• **YOUR GOAL**
For every line in the material, output its text exactly and exclude any image it holds.

• **INPUT DATA**
■ ■ ■
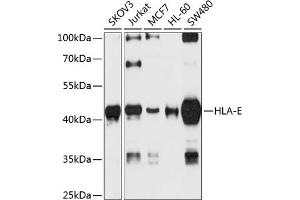 Western blot analysis of extracts of various cell lines, using HLA-E antibody (ABIN6133750, ABIN6141843, ABIN6141845 and ABIN6224489) at 1:1000 dilution.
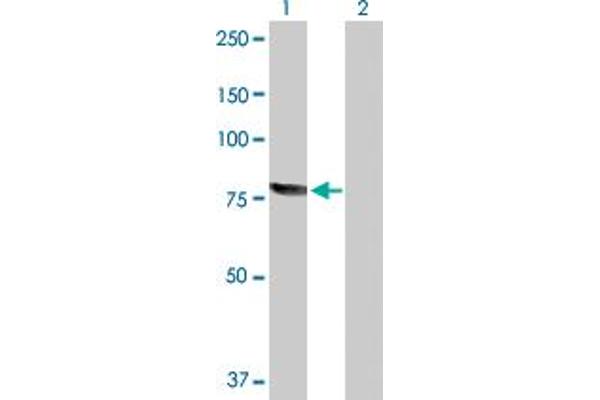 RecQ Protein-Like (DNA Helicase Q1-Like) (RECQL) (AA 1-649) 抗体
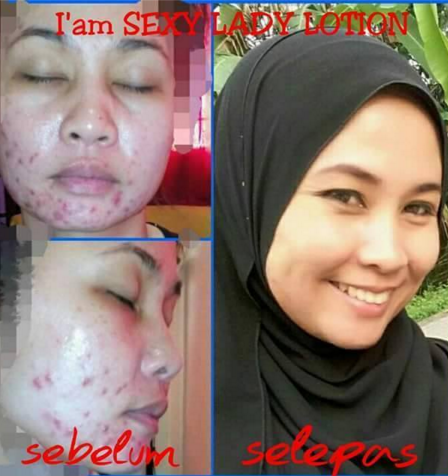 testimoni i am sexy lady whitening & burn fat lotion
■ ■ ■
• **COMPLETED EXERCISE**
 Western blot analysis of extracts of various cell lines, using HLA-E antibody (ABIN6133750, ABIN6141843, ABIN6141845 and ABIN6224489) at 1:1000 dilution.
 RecQ Protein-Like (DNA Helicase Q1-Like) (RECQL) (AA 1-649) 抗体
 testimoni i am sexy lady whitening & burn fat lotion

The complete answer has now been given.